Will I get laughed out of the bank?

Discussion in 'Trading' started by TulsaTrader, Apr 10, 2008.

  1. I want to borrow a couple hundred thousand bucks to put into two or three hundred dividend paying stocks, funds, reits, royalty trusts, muni bonds etc.

    I want to have the stock be collateral for the loan (like when you get a mortgage the house is the collateral). Plus you'd think banks might be more willing to accept stocks as collateral since they are more easily liquidated than houses. Of course on the flip side you can't remodel your stock to make it worth more.

    Obviously for this to work the APR on the loan would need to be lower than the average APY on the stocks/funds etc.

    Initially my thought was borrow 200K at around 5% to 6% and diversify it into instruments paying 7% to 12%. DD would be performed before buying any of the stocks etc.

    I could probably put 20 to 25K into a CD at a bank to act as additional collateral.

    What do you guys think? Are they going to laugh me out of the bank?
  2. What you are talking about is basically a margin load which many banks already offer. They do great in upmarkets but if the market turns against the gearing you have taken on can come and bite you in the arse. Just ask the Tricom and Opes clients in Australia who are down hundreds of millions on these types of instruments.
  3. I work in a bank, but I'm no expert in credit. My gut feeling is that a bank would not go for this. The liquidity of your investments might actually work against you. The bank knows you can liquidate it at a moment's notice and skip town. Also, they know you might trade on margin and dig yourself into a really deep hole. Good luck in any case.
  4. Take a camera with you and put their reactions on youtube.

    Should be good.
  5. Considering that Reg T only permits borrowing 50% of the market value, I'd say they're going to have a good laugh.

  6. mokwit


    Right now banks are reducing their lending to shore up their balance sheet.

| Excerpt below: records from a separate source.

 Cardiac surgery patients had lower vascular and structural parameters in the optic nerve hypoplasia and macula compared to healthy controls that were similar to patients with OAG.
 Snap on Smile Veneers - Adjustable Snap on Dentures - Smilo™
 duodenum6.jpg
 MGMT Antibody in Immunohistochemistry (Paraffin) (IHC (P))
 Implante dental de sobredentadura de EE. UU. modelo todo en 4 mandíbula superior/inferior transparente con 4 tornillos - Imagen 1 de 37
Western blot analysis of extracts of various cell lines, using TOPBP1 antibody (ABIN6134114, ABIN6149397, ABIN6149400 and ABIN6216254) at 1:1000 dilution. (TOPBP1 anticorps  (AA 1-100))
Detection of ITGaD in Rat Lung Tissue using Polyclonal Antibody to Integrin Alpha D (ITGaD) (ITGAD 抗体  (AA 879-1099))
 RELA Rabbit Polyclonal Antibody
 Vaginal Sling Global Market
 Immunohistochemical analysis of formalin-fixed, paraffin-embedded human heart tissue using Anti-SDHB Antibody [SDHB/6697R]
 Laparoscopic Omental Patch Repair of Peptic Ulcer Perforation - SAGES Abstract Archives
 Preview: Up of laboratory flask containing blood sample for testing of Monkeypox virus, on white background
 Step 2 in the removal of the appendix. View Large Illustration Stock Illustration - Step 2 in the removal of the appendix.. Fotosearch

    Consumer loan decisions are made by scoring software at large banks, so if it doesn't fit the criteria it would be rejected. A smaller bank may look at it at a personal level i.e. by a human loan officer - the real question is how much equity do you have in your home? Banks make you write a business plan and then just turn to the 'equity in home' section of the aplication form, discount it to 40% and that is your loan amount.
  7. Having been a banker for 2 years I will tell you, you have not a chance in hell (this only applies to big banks).
  8. Thanks for the replies guys.

    Bogan7 - The link comes up with a page not found message.
  9. Daal


    you could do something similar with the credit cards that offer loans with no apr, they require monthly payments on time or the interest goes way up.